TASK DATA:
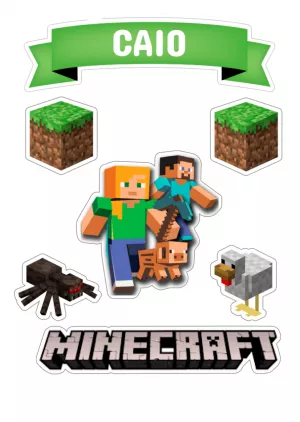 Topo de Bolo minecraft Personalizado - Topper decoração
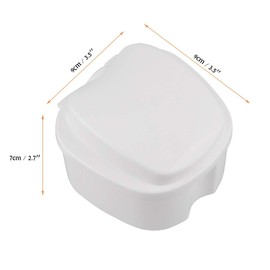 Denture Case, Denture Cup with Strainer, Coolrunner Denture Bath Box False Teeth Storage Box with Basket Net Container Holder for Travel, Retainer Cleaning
* * *
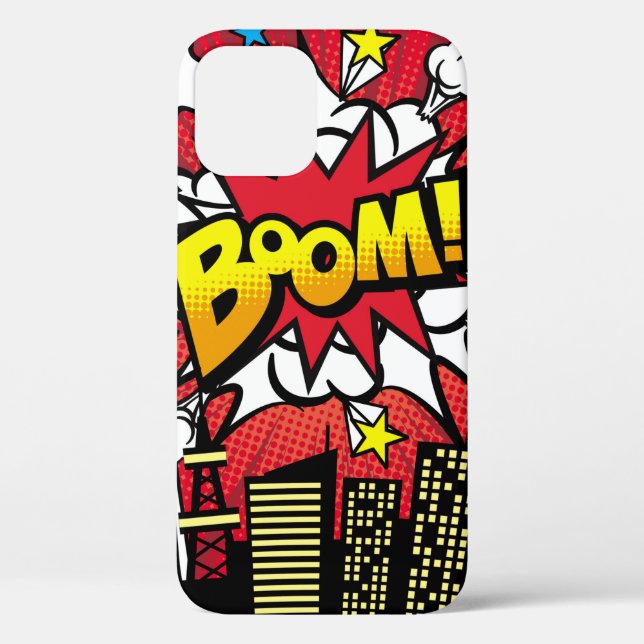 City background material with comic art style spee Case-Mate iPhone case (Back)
* * *
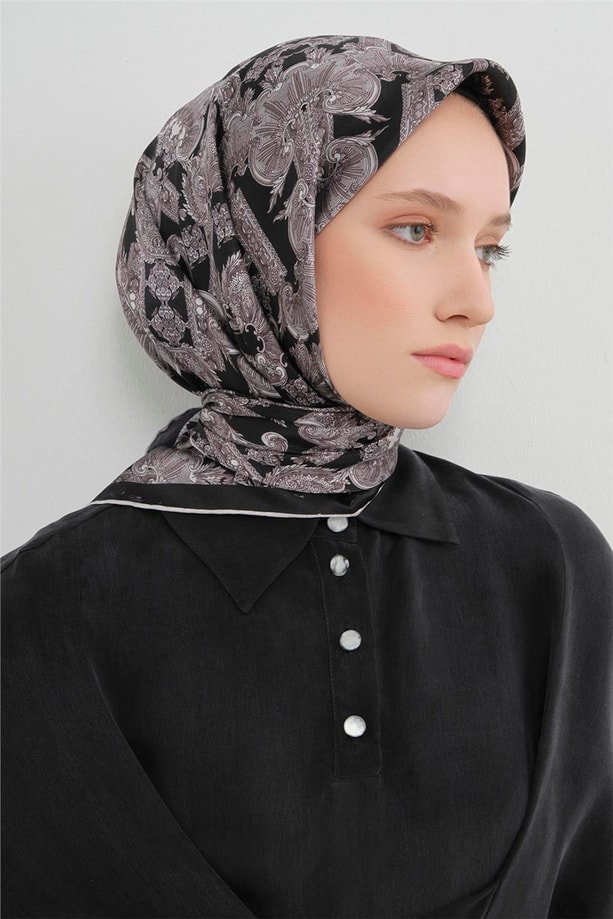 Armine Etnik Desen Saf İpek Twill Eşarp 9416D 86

EXERCISE: Starting at the line containing "Topo de Bolo" and stopping at the line containing "Denture Case, Denture", output every line above exactly, both ends included, with pictures omitted.

EXERCISE OUTPUT:
 Topo de Bolo minecraft Personalizado - Topper decoração
 Denture Case, Denture Cup with Strainer, Coolrunner Denture Bath Box False Teeth Storage Box with Basket Net Container Holder for Travel, Retainer Cleaning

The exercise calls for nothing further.